American baseball player (born 1976)

Kevin James Hooper (born December 7, 1976) is an American former professional baseball infielder who played for the Detroit Tigers of Major League Baseball (MLB). He was also the manager of the Wichita Wingnuts of the independent American Association.

==Career==
===Amateur career===
Hooper attended Wichita State University and was named to the All-Missouri Valley Conference team in 1999, and led Wichita State in batting average at .402.

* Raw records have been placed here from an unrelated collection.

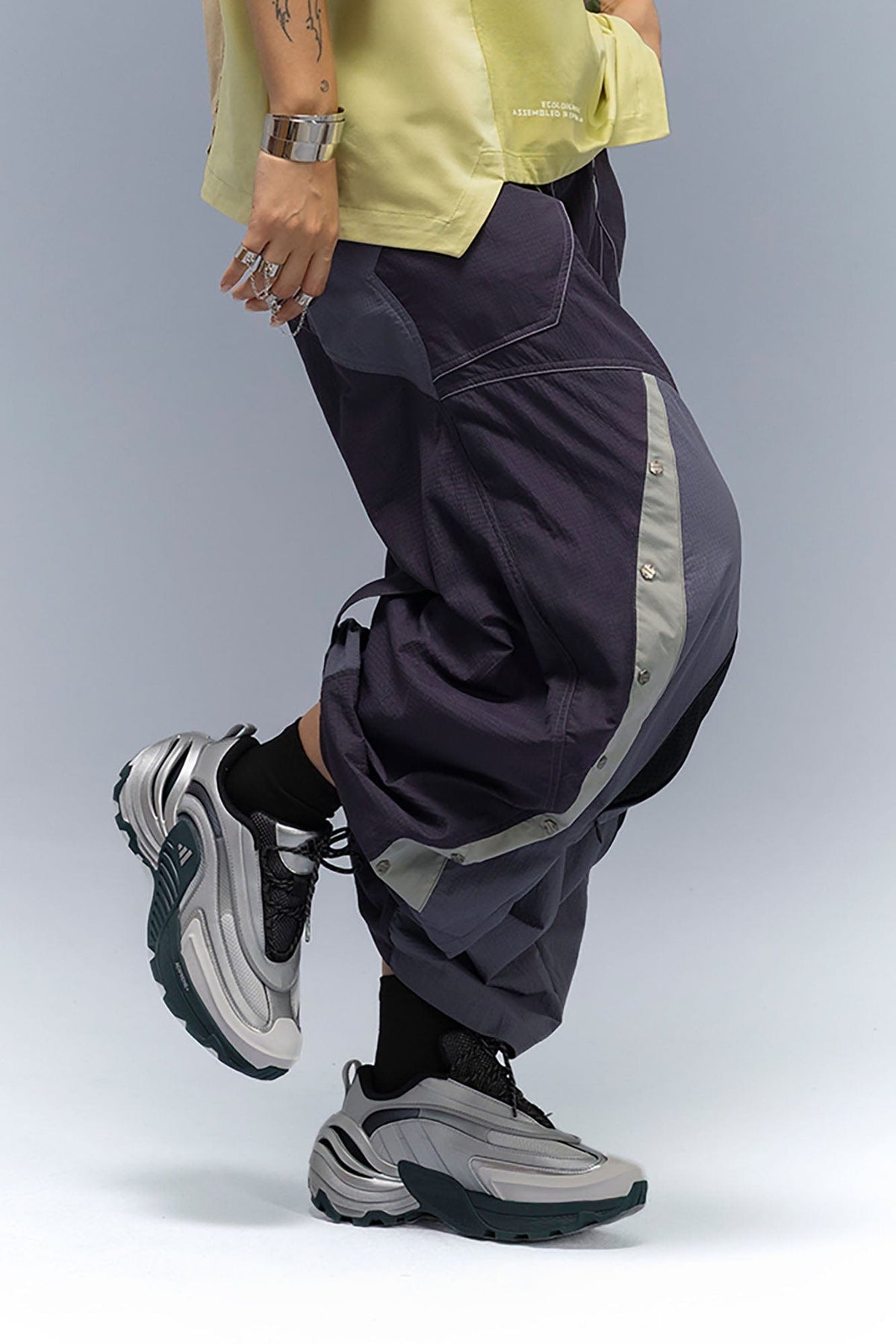 XIPHEVIL Deconstructed Contrast Panel Utility Curved Pants – photo 10 of 23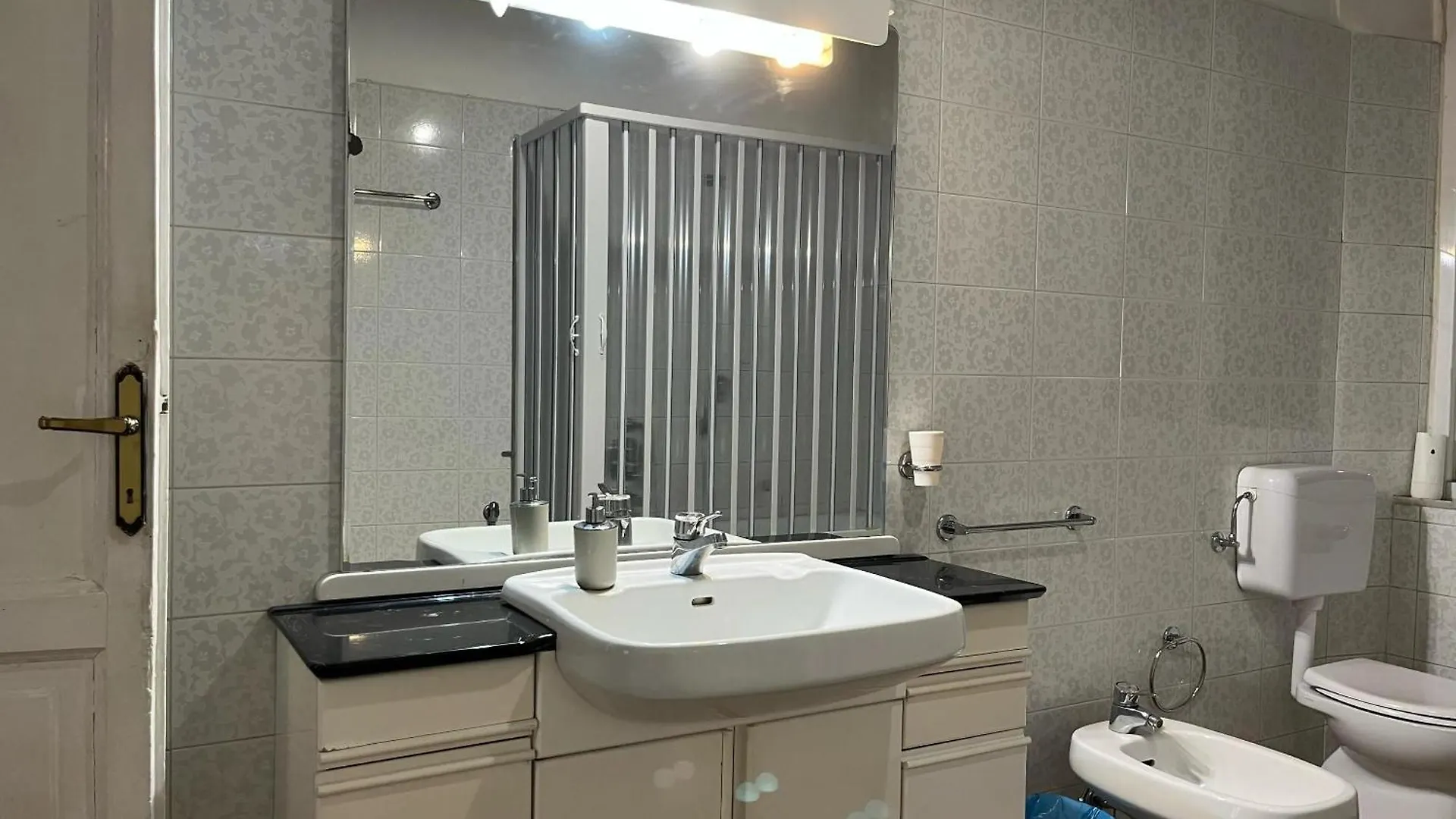 Charming Apartment In Genova 70 M² Parking Included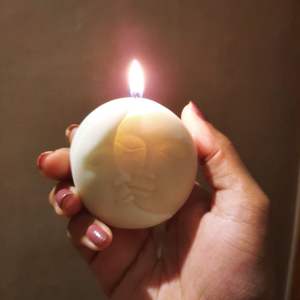 Vela decorativa perfumada con aroma a sol y luna de calidad premium disponible a precio de mayorista de fabricante indio. - Product Image 1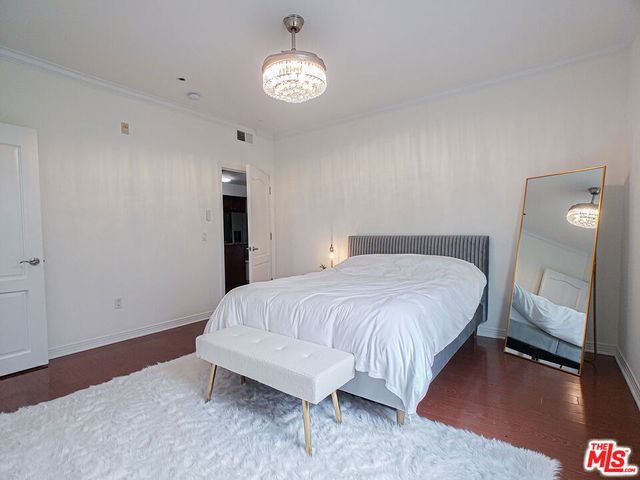 1025 Dewey Avenue 205, Los Angeles, CA 90006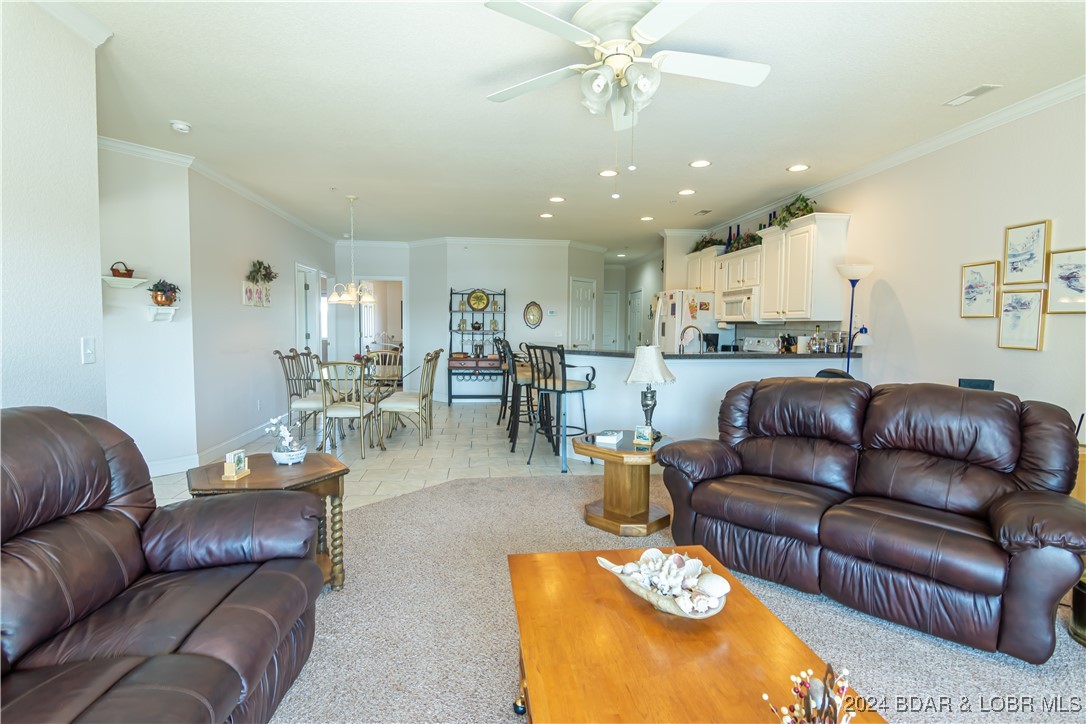 Camdenton, Missouri 65020, United States, 3 Bedrooms Bedrooms, ,2 BathroomsBathrooms,Residential,Contingent,44603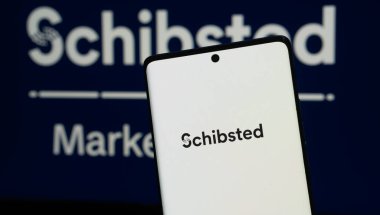 Dhaka, Bangladeş 19 Nisan 2025: Norveçli firma Schibsted Media Group 'un logosunun yer aldığı cep telefonu işletme web sitesinin önünde ekranda.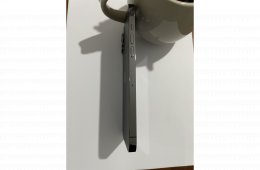 Eladó iPhone 12 Pro Max 256 GB tárhellyel grafit színben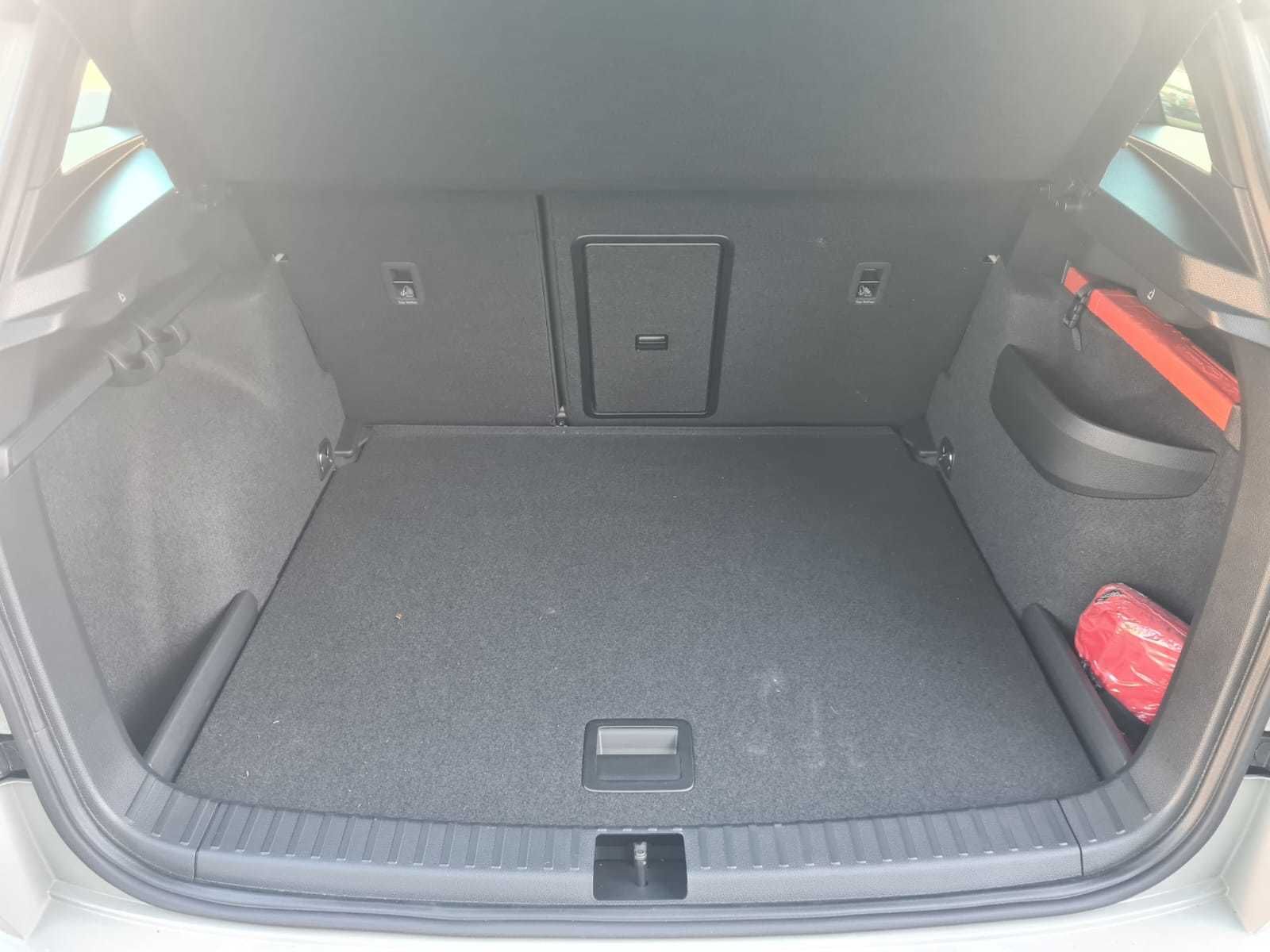 Skoda Karoq Sportline 1.5 TSI DSG Lounge AHK Matrix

He was originally drafted in the 49th round of the 1998 Major League Baseball draft, by the Cleveland Indians, but did not sign.

===Florida Marlins===
He was then drafted in 1999, this time in the 8th round, by the Florida Marlins. He signed with the Marlins on June 3, 1999. In 1999, he played with the Low-A Utica Blue Sox of the New York–Penn League. In 2000, he moved up to Single-A playing for the Kane County Cougars, for 2000 and only part of 2001, after 17 games he was moved to Double-A Portland Sea Dogs. In 2002 he made the move to Triple-A Calgary Cannons. In 2003 he stayed in Triple-A, but this time with the Albuquerque Isotopes, where he remained until he was claimed off waivers by the New York Yankees.

===New York Yankees===
The Yankees claimed him off waivers from Florida on May 26, 2004, where he played for the Columbus Clippers the Triple-A team for the Yankees, at the time. He played there until the Yankees released him on August 6, 2004.

===Kansas City Royals===
The Kansas City Royals signed him as a free agent on August 13, 2004. He played for Triple-A Omaha Royals for the remainder of the season. He was granted free agency on October 15, 2004.

===Detroit Tigers===
The Detroit Tigers signed him as a free agent in the 2005 offseason. He played for the Detroit Tigers and Toledo Mud Hens after being signed and gained two Governors' Cup Championships with Toledo in 2005 and 2006. During a home game, the last of the season against the Indianapolis Indians, Kevin Hooper played one inning in every position of the game, including a successful inning pitching. On September 2, 2006, his contract was purchased by the Tigers. On October 11, 2006, he was designated for assignment and refused, becoming a free agent. On November 17, 2006, Hooper was re-signed by the Tigers and invited to spring training in Lakeland, Florida. He became a free agent after the 2007 season in which he spent the whole season in Triple-A

===Houston Astros===
On November 28, 2007, Hooper signed a minor league contract with an invitation to spring training with the Houston Astros.

===Wichita Wingnuts===
Before the 2008 season started, Hooper signed with the Wichita Wingnuts, where he was the starting shortstop. He hit .373, winning the American Association batting title, and was successful in 34 of 35 stolen base attempts. At the end of the season, he was named the Wingnuts MVP. On November 6, 2008, Hooper was named the manager of the Wingnuts. Hooper left Wichita prior to the 2016 season to coach in the San Diego Padres farm system. The Wingnuts replaced him with Pete Rose Jr. as their new manager.